Pravin Raj Aryal, Joint Secretary at the Ministry of Energy, Water Resources and Irrigation in Nepal, opened the two-day conference on February 20. “Energy access and infrastructure development are critical elements in South Asia’s regional development strategy. However, women’s opportunities to contribute to the energy sector are limited, with a visible lack of gender diversity in technical and senior management positions,” he said.
He added that initiatives such as WePOWER would help nurture partnerships among women professionals, leading to an increase in their engagement across the sector. The conference was organized by the World Bank, with support from the Energy Sector Management Assistance Program (ESMAP), Asian Development Bank (ADB), Australian AID and Australia Department of Foreign Affairs and Trade (DFAT).
It drew senior and junior professionals and engineering students from Afghanistan, Bangladesh, Bhutan, India, Maldives, Nepal, Pakistan, and Sri Lanka. Besides panel discussions on the viability of jobs, skills, and opportunities in the sector, the conference also had a special interactive session for secondary school girl students to encourage them to find their footing in the fields of Science, Technology, Engineering and Mathematics (STEM) education.
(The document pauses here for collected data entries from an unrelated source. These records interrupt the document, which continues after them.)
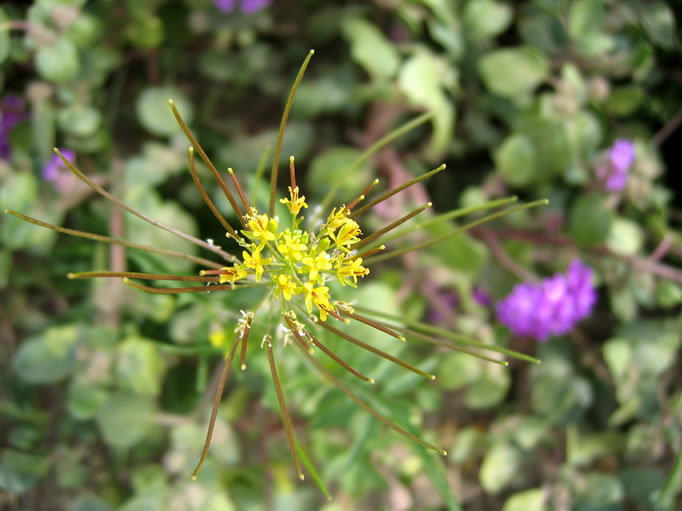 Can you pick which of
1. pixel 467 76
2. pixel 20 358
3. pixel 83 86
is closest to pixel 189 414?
pixel 20 358

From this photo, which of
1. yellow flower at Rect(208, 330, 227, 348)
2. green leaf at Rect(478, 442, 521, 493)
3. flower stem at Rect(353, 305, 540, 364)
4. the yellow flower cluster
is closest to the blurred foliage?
green leaf at Rect(478, 442, 521, 493)

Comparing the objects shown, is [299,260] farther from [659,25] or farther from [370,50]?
[659,25]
“WePOWER aims to support greater participation of women in energy projects and utilities, and promote normative change regarding women in STEM education,” said Idah Z. Pswarayi-Riddihough, World Bank Country Director for Maldives, Nepal, and Sri Lanka. “This initiative also fits the broader work of the World Bank, aimed at removing constraints for more and better jobs as part of our Gender Strategy.”
Caren Grown, World Bank Senior Director of the Gender Group, added: “Women’s low participation in the sector is a constraint to gender equality and equality of opportunities. It is imperative for men and women to have access to good quality jobs, and events like WePOWER reinforce this need.”
Peter Budd, Australian Ambassador to Nepal, opened the second day of the WePOWER conference and said, “Forums such as WePOWER are and will continue to be an important mechanism for deliberation on low carbon gender integrated pathways that meet the growth needs of the countries in the region.”